For background, here's my blog post from three months ago: http://www.blogarithms.com/index.php/archives/2009/06/26/searchadventures/
The facts are that (a) /search doesn't work particularly well, (b) I'm
*only* supporting it in the API; the site no longer uses it, and (c)
it's very slow and heavy on CPU resources. For example, a first (non-
cached) search for programs with 'china' in the title or description
currently takes about 4.5 seconds, and that is only going to get
worse as the number of programs increases. During that 4.5 seconds,
that server is essentially locked up.
I'm actually thinking about a whacky idea: To use Google to search,
then screen-scrape the results and use that for the API. I told you:
whacky!
So I need to hear from anyone who is already using the /search method.
How are you using it and how will it affect you if I kill it?
Thanks.
...doug
Doug Kaye, Executive Director
The Conversations Network
A 501(c)(3) Non-Profit
do...@rds.com
v: 415.868.5461
twitter: dougkaye
facebook.com/doug.kaye
And probably a violation of Google TOS.
Yahoo! has excellent open search APIs, but they're limited to 5,000
searches per IP address per day.
Don't know what they might charge to lift the limit.
I think our better long-term solution is to use Solr, but I need to
find the budget to add a dedicated server for it and for our sysadmin
to work on it.
...doug
Another approach to API search might be:
1. Mark up Spokenword.org pages using RDFa and/or Microformats.

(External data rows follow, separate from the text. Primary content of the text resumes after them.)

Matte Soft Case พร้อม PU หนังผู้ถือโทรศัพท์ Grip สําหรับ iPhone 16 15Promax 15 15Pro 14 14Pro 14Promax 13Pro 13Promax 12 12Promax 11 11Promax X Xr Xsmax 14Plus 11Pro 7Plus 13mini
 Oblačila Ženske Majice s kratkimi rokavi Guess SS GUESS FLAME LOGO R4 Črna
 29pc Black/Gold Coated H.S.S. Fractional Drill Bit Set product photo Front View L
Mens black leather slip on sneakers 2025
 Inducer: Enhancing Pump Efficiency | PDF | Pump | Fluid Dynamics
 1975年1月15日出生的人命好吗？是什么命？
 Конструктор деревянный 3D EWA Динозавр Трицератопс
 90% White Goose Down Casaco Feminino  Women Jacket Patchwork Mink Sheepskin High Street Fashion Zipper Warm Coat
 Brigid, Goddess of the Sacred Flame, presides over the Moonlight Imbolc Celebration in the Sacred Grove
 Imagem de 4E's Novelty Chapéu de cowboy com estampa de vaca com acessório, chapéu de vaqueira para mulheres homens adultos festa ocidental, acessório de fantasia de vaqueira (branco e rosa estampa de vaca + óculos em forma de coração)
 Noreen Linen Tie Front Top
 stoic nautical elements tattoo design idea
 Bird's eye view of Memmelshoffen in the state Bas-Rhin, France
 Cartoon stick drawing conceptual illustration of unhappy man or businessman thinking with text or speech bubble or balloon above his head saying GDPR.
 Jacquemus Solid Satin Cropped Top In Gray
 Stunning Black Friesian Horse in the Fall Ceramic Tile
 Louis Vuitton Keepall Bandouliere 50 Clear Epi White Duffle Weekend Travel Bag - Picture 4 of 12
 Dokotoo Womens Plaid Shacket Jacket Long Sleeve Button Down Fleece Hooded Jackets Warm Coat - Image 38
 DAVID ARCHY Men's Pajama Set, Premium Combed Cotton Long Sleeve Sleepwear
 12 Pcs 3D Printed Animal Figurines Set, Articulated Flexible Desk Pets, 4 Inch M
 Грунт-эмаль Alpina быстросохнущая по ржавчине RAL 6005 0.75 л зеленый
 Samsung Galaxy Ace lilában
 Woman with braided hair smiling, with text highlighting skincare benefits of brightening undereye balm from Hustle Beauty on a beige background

2. Wait for Yahoo! to crawl those pages, extracting and indexing
the structured data.
3. Recommend Yahoo! Search BOSS to developers instead of trying to
provide a search API:
http://developer.yahoo.com/search/boss/structureddata.html
This is a different Yahoo! API than the search API I mentioned
earlier. I don't know whether it has similar rate limits, but even
if so, the rate limits wouldn't be as limiting, because they are
imposed on each developer's application, not on the servers running
Spokenword.org's API.
We added RDFa to Digg.com's existing Microformats mark-up largely in
response to Yahoo!'s efforts: We were working on a SearchMonkey app
that would enhance Digg.com pages in Yahoo! search results. That
never got deployed, but I still think it's a great idea.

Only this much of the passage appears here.